Problem to solve —
Copy out only the lines running from the one that contains "MidtownQuartet" through the end of the listing. Pictures stay out.

Extracted records —

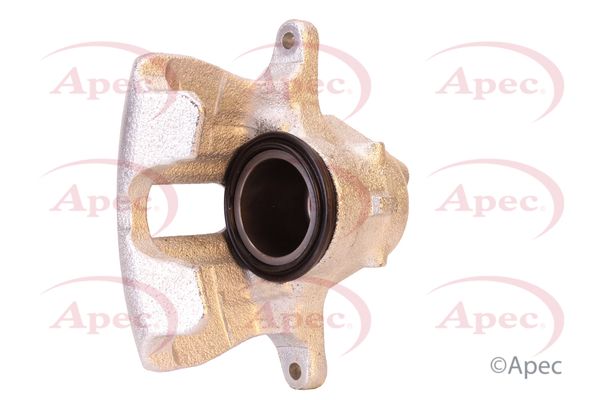 Apec LCA504 Brake Caliper - 3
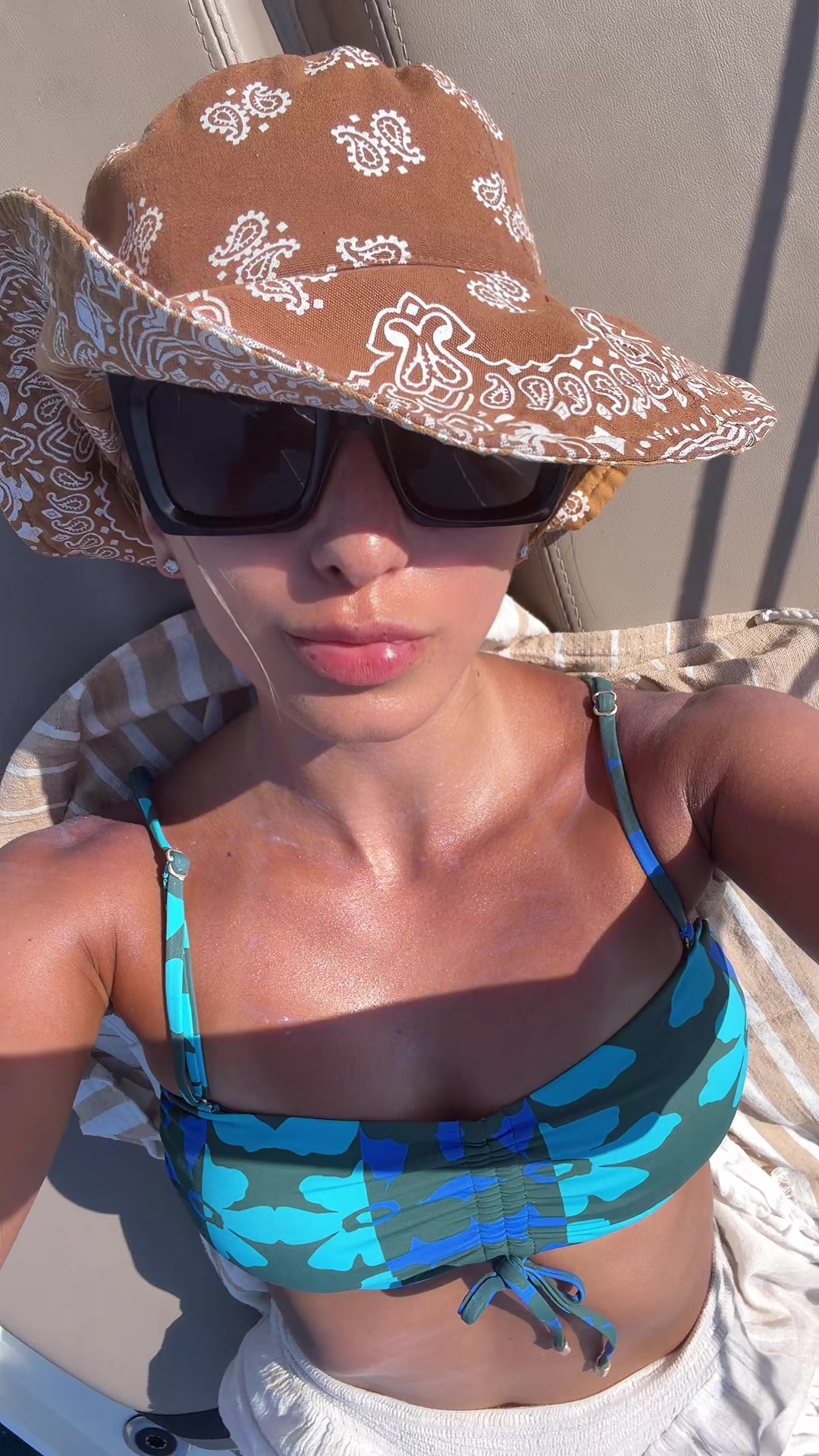 @Delusionalfairygirl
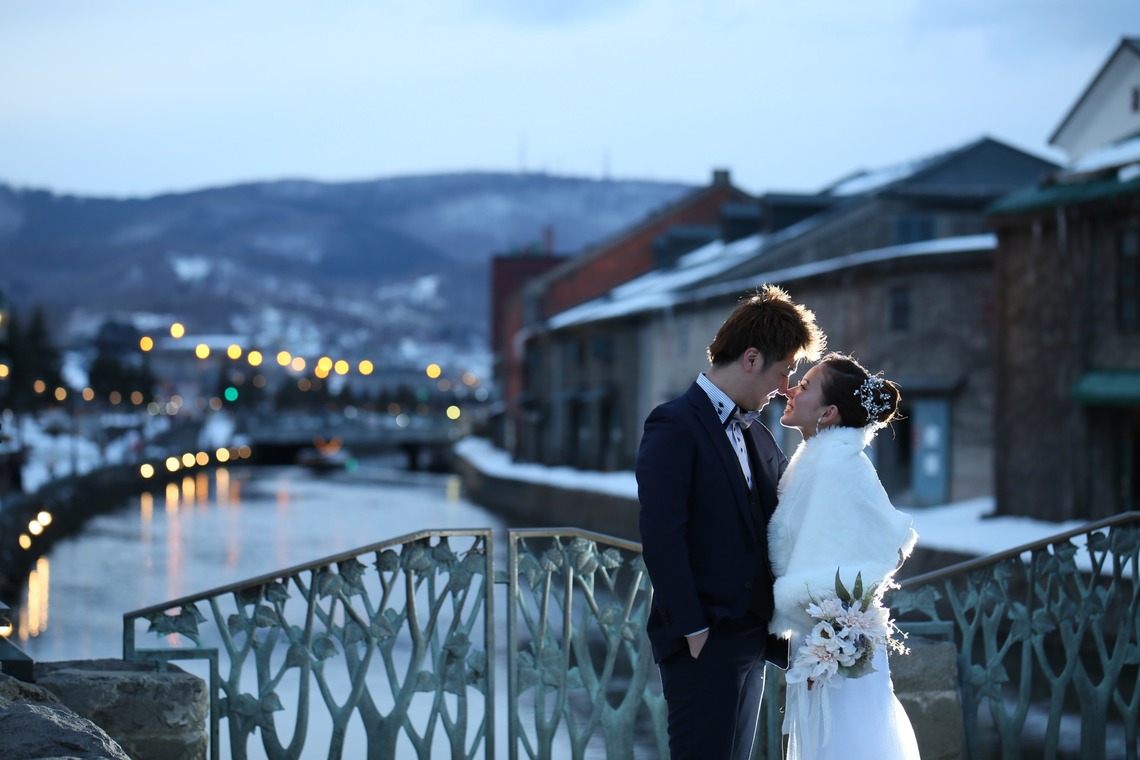 Sincere（サンシェール）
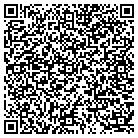 QR code with c&n Terrazzo (llc) contacts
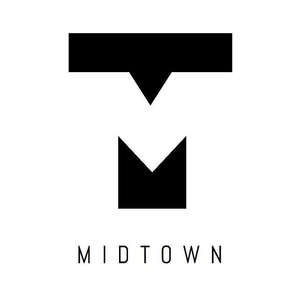 MidtownQuartet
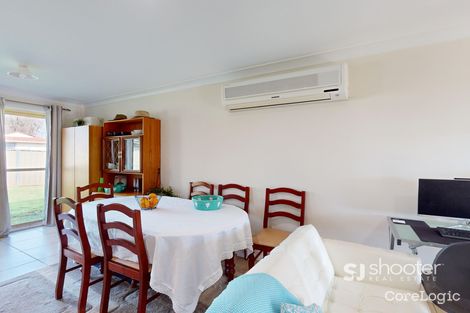 Property photo of 15 Galloway Drive Dubbo NSW 2830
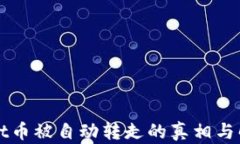 TPWallet币被自动转走的真相与解决方案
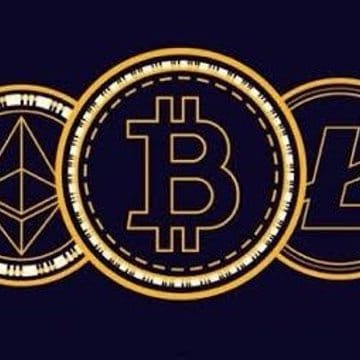 JossButlar80179's profile picture.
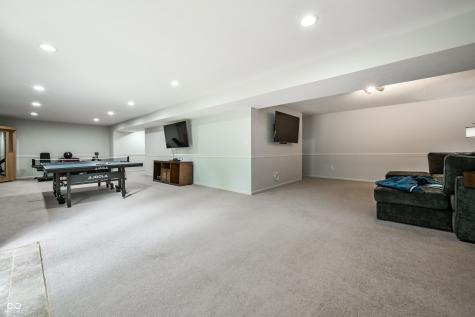 8145 Walden Glen Court Indianapolis IN 46278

Solution below —
 MidtownQuartet
 Property photo of 15 Galloway Drive Dubbo NSW 2830
 TPWallet币被自动转走的真相与解决方案
 JossButlar80179's profile picture.
 8145 Walden Glen Court Indianapolis IN 46278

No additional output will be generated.